Asus moved quickly on a firmware update that would close the hole, and ideally other hardware makers will take a similarly diligent approach to security. Otherwise, it’s possible that there will be more events like the ongoing campaign that has compromised more than 300,000 routers as part of a massive attack.
Thousands of routers taken over in different attacks
Chameleon is just a proof of concept and the Asus vulnerability was noted but not widely exploited. However, there has been real fallout from attacks on weak routers and networks.
Roughly 1,000 old LinkSys routers have been infected by a self-replicating worm. ISPs began noticing that these WAPs were consuming massive amounts of bandwidth and disruption services such as VPN due to unwanted changes in DNS settings.
Similarly, hundreds of thousands of home and office routers were compromised as part of a broad attack that sought to steal online banking credentials in Poland. The attackers used different techniques to inject blank passwords or change the credentials for targeted routers, so that they could then alter the DNS settings. The payoff was redirecting affected users to malicious sites that tried to phish for credentials or install additional malware.
“The scale of this attack suggests a more traditional criminal intent, such as search result redirection, replacing advertisements, or installing drive-by downloads; all activities that need to be done on a large scale for profitability,” stated a Team Cymru report. “The more manually intensive bank account transfers seen in Poland would be difficult to conduct against such a large and geographically-disparate victim group.”
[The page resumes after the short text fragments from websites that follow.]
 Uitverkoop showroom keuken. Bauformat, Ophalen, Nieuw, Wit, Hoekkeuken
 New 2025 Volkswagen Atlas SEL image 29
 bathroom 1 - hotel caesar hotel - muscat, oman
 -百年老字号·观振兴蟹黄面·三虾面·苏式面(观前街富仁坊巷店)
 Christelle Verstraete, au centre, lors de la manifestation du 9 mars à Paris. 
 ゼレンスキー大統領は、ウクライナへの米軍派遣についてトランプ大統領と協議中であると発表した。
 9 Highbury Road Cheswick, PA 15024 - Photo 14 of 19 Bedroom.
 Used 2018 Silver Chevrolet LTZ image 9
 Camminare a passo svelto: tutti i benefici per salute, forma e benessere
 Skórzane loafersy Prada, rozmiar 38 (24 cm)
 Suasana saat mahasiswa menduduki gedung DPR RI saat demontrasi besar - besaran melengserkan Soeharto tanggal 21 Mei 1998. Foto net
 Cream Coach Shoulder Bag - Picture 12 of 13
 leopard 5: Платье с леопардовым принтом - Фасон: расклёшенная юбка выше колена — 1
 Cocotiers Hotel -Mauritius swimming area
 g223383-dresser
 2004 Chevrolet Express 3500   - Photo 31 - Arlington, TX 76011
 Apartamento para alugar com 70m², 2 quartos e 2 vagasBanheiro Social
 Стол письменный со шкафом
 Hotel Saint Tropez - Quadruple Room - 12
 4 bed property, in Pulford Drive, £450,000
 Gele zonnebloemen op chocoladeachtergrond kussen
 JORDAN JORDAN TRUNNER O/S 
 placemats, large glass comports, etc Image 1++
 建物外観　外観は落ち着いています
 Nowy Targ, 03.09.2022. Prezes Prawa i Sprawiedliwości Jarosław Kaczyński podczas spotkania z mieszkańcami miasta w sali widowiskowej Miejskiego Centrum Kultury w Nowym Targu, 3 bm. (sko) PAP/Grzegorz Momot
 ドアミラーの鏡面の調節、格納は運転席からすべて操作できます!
With wireless infrastructure becoming increasingly important to consumers and businesses and emerging as the foundation of the IoE, there must be a concerted effort to enforce better router and password security. Users should always change the default settings to something safer, and manufacturers should guide them toward doing so. These measures will help ensure that proof of concept threats like Chameleon don’t add to the list of network breaches.